THE SATISFACTION OF seeing Ares blanch came and went in a single sluggish heartbeat. Fighting about the past wouldn’t do anything to help this situation, and Jacinda and her baby deserved one hundred percent of their focus and attention. Now wasn’t the time to talk about their own child.

Erianthe tried again. “I’ve assisted before in this type of surgery twice. I’ve observed another couple times. I’m not a surgeon, but I perform C-sections and I’ve done surgery rotations. If we had any other option, then I’d say send her off the island, but you saw the level of her white cell count. It’s possible the damned thing has already ruptured. It has to come out as soon as possible. We cannot wait.”

He held out his hand for the results and she handed them over. It wasn’t so much that she wanted to look at him, but there was nowhere else to look in order to divine what he was thinking.

Resignation was clearly written in the grim set of his lips, the furrow of his brow. “Tell me where the appendix tends to get shoved. Is the surgery usually performed with an ultrasound to guide?”

She shook her head, then waved a hand. “Imaging is used, but not usually ultrasound. I think we could do that, though, if you wanted to get a look at it.”

He nodded. “Have you ever assisted in this surgery without the patient being pregnant? Can you tell me what differences occur between the two surgeries?”

He was going to do it. Thank goodness. “I can tell you what I know, but it’s been years since I saw a run-of-the-mill appendectomy.”

“When?”

“My first year in residency.”

“How are you with an ultrasound?”

That she could give him confidence with. “Excellent.”

“That’s your other job—assisting and maneuvering the wand so we can get and keep a visual on the appendix until I understand what I need to do.”

“I can do that.”

“I’m trusting you,” he said—which shouldn’t have made cold shoot through her, but did.

She couldn’t bring herself to say anything, to pretend the sentiment was reciprocated. It wasn’t—except probably medically. Whatever might have been said or done between them, she didn’t trust him personally. She was just taking the only available exit from a burning building right now, and that was what made her stomach pitch and roll like a dinghy on the front edge of a tsunami.

“The anesthesiologist—do we know if he’s put under a pregnant woman before? It’s not as deep a sleep. And there are frequent issues with reflux, so we need a good proton pump inhibitor.”

He opened the door and stepped out, one curt hand motion beckoning her to follow after him.

Inside thirty minutes they had Jacinda in the surgical suite, were both scrubbed in and had her under. Erianthe kept the anesthesiologist busier than normal, demanding that the heart rate for both mother and baby be announced at any change of more than three beats per minute.
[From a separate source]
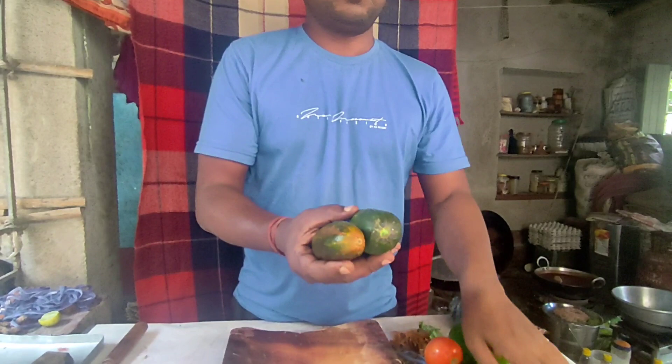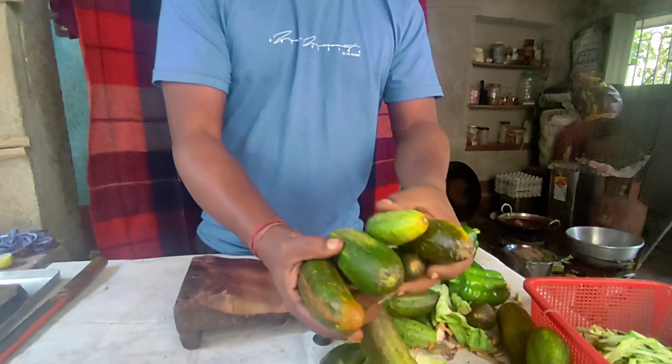Welcome to Salad. Today I am going to tell you how much of the Salad is going to be able to eat the Salad.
In her head, when she’d pictured how this surgery would go, she’d been standing on the opposite side of the table from Ares, with the patient—and space—between them. But with the introduction of the ultrasound she not only had to stand beside him, she had to be close enough that the fabrics of their surgical gowns brushed and rustled against each other.

Something else to ignore.

She focused on the ultrasound wand in hand and maneuvered the cart holding the unit with her foot, so that Ares could best see the screen.

“Here—that’s the cross section of the appendix.”

“Enlarged...” he murmured, confirming the diagnosis in that second.

Why hadn’t she thought about ultrasound to image the appendix before? Because she wasn’t a surgeon. Because she was used to modern, fully equipped hospital situations. Because she didn’t even know what equipment was located at this facility—which had to change immediately.

Moving on, she slid the wand to another position and pressed, showing the path usually taken in such a procedure. He had her move the wand a few more times, until he was satisfied with the visual and knew that he’d have room to move.